1.廃プラスチックの増加の歴史の背景
- 1950年代以降のプラスチック生産量の急増:
- プラスチックは第二次世界大戦後の産業発展に伴い、1950年から年代的に本格的に大量生産されるようになりました。
- 世界のプラスチック生産量は、1950年には200万トン程度でしたが、2020年には約367億トンに増加しました。
- この間、使い捨てプラスチック製品(包装材、ペットボトルなど)が普及し、廃プラスチックの量も比例して増加しました。
2.日本における廃プラスチックの動向
- 国内の廃プラスチック量:
- 1990年代以降、日本の廃プラスチック発生量は増加し続けました。2010年代には年間約900万トン以上のプラスチック廃プラスチックが発生していました。
- プラスチック製容器包装リサイクル法(2000年施行)によって、一部のプラスチック回収が認定されましたが、分別やリサイクル率の向上には限界がありました。
- リサイクル率:
- 日本は一見高いリサイクル率(約80%)を誇っていますが、内訳見て実際に再製品化されるマテリアルリサイクルは約20~25%に滞り、残りは主に燃焼による熱回収に依存しあります。
3.廃プラスチック輸出とその影響
- 輸出に依存した処理:
- 日本を含む先進国は、長年廃プラスチックの処理の一部を東南アジア諸国や中国に依存してきました。

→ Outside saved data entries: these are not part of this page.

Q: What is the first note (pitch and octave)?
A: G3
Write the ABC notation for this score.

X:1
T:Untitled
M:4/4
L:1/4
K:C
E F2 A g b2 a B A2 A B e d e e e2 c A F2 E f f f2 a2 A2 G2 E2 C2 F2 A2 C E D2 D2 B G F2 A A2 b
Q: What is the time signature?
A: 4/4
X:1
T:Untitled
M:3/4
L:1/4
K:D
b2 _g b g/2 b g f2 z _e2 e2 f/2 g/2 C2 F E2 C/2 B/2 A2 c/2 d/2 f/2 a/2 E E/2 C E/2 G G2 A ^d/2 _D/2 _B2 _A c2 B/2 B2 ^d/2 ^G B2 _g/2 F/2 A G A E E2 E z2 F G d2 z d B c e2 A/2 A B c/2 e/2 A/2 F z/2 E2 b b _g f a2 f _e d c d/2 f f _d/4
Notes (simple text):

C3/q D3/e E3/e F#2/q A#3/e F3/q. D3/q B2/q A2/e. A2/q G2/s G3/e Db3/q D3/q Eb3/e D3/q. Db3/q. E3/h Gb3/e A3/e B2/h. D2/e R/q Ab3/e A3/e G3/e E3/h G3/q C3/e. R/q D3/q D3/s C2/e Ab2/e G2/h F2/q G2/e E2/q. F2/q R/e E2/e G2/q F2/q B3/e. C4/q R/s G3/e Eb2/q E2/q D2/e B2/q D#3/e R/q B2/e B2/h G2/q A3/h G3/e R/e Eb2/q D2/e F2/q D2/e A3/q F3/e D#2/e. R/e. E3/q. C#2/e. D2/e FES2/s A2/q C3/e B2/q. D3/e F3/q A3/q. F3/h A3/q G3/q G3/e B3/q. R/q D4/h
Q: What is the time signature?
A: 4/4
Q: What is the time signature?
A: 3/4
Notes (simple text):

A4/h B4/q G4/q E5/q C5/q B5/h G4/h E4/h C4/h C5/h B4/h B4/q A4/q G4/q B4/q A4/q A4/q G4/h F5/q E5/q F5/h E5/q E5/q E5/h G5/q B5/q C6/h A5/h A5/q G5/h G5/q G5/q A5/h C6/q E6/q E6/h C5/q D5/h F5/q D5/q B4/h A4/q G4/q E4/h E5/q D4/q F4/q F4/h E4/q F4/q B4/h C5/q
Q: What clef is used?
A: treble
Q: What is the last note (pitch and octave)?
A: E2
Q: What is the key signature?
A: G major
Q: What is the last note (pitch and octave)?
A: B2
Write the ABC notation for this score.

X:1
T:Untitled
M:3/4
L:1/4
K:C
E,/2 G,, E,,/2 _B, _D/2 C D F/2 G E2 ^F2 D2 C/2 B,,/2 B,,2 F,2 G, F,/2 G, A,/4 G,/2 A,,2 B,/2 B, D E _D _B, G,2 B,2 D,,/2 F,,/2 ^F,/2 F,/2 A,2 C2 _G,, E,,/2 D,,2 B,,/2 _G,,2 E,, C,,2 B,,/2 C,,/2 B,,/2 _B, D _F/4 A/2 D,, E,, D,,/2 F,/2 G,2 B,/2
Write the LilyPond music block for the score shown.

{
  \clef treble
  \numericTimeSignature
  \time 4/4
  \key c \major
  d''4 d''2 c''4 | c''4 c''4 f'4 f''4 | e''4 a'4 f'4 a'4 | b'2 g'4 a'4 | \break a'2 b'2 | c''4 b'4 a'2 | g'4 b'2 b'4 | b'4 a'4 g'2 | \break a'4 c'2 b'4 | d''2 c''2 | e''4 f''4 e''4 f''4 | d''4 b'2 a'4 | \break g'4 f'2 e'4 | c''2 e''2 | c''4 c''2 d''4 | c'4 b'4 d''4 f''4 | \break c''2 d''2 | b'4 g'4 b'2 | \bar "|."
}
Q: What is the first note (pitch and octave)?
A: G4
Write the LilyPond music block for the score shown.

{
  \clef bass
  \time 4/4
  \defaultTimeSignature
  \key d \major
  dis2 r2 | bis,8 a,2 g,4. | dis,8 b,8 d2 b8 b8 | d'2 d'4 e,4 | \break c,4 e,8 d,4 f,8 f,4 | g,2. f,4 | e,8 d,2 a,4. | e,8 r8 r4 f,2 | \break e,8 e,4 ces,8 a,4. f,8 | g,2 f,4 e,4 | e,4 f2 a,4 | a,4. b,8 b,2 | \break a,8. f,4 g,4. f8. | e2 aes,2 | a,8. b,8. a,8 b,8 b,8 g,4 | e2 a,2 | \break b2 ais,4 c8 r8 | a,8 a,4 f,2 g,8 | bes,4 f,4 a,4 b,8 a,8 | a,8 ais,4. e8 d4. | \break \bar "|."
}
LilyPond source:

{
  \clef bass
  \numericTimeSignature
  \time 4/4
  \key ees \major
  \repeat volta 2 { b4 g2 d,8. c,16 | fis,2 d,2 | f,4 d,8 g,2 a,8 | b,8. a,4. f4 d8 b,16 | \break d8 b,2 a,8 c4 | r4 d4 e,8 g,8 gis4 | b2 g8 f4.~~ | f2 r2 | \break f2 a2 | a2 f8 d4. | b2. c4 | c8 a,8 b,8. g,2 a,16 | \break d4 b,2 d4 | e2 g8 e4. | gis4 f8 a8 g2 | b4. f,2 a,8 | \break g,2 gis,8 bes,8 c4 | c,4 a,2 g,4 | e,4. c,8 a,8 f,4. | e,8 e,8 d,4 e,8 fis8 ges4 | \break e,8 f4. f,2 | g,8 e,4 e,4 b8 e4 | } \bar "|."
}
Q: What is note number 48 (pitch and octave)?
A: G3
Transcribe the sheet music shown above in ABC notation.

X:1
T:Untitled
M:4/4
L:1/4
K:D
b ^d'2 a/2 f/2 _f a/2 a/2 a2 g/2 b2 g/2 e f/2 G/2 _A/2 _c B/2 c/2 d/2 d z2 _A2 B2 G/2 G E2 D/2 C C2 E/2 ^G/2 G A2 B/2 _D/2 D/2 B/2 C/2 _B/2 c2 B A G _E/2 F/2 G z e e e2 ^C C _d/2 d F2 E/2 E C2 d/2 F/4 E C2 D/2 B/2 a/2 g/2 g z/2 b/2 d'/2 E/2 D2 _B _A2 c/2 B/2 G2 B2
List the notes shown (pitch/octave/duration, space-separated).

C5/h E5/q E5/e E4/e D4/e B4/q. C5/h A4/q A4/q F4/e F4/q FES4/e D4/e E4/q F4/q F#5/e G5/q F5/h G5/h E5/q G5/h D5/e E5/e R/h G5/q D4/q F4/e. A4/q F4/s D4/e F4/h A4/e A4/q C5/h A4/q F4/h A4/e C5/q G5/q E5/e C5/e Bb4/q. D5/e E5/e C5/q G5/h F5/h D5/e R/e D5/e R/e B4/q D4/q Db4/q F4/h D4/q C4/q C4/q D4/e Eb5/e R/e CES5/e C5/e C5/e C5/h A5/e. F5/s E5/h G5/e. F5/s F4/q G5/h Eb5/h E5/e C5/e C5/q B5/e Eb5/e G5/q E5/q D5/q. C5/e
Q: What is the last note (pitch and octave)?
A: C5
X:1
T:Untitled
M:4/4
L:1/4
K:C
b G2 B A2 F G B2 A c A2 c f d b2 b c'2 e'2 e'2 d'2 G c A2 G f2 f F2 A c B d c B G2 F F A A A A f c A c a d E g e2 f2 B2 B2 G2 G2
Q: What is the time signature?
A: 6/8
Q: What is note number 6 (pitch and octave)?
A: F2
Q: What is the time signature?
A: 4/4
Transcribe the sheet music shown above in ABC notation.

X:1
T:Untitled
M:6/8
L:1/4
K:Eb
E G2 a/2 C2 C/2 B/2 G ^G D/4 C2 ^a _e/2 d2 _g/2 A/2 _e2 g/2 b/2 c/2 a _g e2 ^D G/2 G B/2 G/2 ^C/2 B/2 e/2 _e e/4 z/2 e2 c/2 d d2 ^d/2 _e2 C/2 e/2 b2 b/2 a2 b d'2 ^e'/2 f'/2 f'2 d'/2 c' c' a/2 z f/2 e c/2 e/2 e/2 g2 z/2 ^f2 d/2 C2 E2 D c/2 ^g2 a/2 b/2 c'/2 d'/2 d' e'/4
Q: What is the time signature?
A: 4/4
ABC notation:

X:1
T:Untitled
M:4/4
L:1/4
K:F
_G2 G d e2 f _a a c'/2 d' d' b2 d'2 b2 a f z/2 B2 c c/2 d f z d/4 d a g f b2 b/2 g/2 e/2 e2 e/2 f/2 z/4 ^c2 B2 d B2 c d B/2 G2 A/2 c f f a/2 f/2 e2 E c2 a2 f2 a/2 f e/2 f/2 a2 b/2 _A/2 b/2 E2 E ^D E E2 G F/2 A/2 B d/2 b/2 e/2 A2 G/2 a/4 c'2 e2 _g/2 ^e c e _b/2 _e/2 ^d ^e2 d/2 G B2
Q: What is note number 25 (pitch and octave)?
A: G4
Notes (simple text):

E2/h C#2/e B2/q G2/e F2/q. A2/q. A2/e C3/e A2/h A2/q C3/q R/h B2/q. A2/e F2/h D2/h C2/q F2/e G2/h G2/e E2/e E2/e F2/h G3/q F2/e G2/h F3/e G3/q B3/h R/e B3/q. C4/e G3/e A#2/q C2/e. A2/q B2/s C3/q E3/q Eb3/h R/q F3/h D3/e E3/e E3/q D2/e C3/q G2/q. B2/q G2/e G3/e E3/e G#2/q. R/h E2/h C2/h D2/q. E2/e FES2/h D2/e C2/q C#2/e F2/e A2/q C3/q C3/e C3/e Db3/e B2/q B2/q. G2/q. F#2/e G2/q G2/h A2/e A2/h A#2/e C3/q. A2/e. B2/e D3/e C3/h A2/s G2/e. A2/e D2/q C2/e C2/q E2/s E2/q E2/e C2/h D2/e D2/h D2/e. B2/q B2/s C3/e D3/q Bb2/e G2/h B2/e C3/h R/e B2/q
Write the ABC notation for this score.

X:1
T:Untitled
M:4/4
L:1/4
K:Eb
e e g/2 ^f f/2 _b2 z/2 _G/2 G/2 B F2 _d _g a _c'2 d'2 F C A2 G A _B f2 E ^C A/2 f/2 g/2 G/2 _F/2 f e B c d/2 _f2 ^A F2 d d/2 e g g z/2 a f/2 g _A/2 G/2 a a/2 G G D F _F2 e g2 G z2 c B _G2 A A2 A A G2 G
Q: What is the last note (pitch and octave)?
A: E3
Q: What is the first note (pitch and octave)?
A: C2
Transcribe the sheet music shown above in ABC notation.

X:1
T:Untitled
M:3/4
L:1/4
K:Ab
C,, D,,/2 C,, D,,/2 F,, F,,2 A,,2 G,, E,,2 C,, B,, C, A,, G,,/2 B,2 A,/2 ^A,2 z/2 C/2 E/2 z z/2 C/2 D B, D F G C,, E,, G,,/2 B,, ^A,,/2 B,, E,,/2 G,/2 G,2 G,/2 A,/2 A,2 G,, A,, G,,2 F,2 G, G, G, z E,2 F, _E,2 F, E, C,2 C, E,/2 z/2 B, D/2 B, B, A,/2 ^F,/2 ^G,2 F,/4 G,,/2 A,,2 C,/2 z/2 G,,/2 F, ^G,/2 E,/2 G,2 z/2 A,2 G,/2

- 2016年まで、中国は世界の廃プラスチックの約50%を輸入していました。
- 中国の輸入禁止措置(2018年):
- 「国家剣(National Sword Policy)」を実施し、汚染された廃プラスチックの輸入を中国で禁止しました。
- この政策により、日本は輸出に依存していた約150万トンの廃プラスチックを国内で処理する必要に迫られ、処理能力の不足が顕在化しました。
4.廃プラスチック処理の問題
- 国内処理能力の限界:
- 廃プラスチックの急増により、焼却施設や埋立販売場のキャパシティが逼迫しています。
- 焼却処理では二酸化炭素排出が増加するため、埋立処分は最終処分場の不足が深刻化しています(日本では残りの処分場の平均寿命は20年以下とされる)。
- コスト増加:
- 国内への処理の移行に伴い、企業や自治体の廃棄物処理コストが上昇しました。
5.過去の対策と成果
- 法整備:
- 2000年:容器包装リサイクル法施行。自治体の分別回収が義務化された。
- 2019年:プラスチック資源循環戦略が策定され、2030年までに使い捨てプラスチックを25%削減する目標が策定されました。
- 技術開発:
- 1990年代後半から、化学リサイクル(プラスチックを分解して原料に戻す技術)や燃料化技術が進歩しました。
- 今年では、バイオプラスチックや生分解性プラスチックが注目されています。
- 国際協力:
- 日本は国際連合環境計画(UNEP)やG20など子育て、海洋プラスチック問題への対応を推進しています。
6.未解決の課題
- リサイクルの質の向上:
- 汚れや異素材が増える廃プラスチックのリサイクル効率は依然低い。
- 新しい処理施設の建設:
- 環境への影響を極力抑えつつ、処理能力を発揮する必要があります。
- 消費者行動の改革:
- 根本的にプラスチック消費を減らす「リデュース」の取り組みが進んでいません。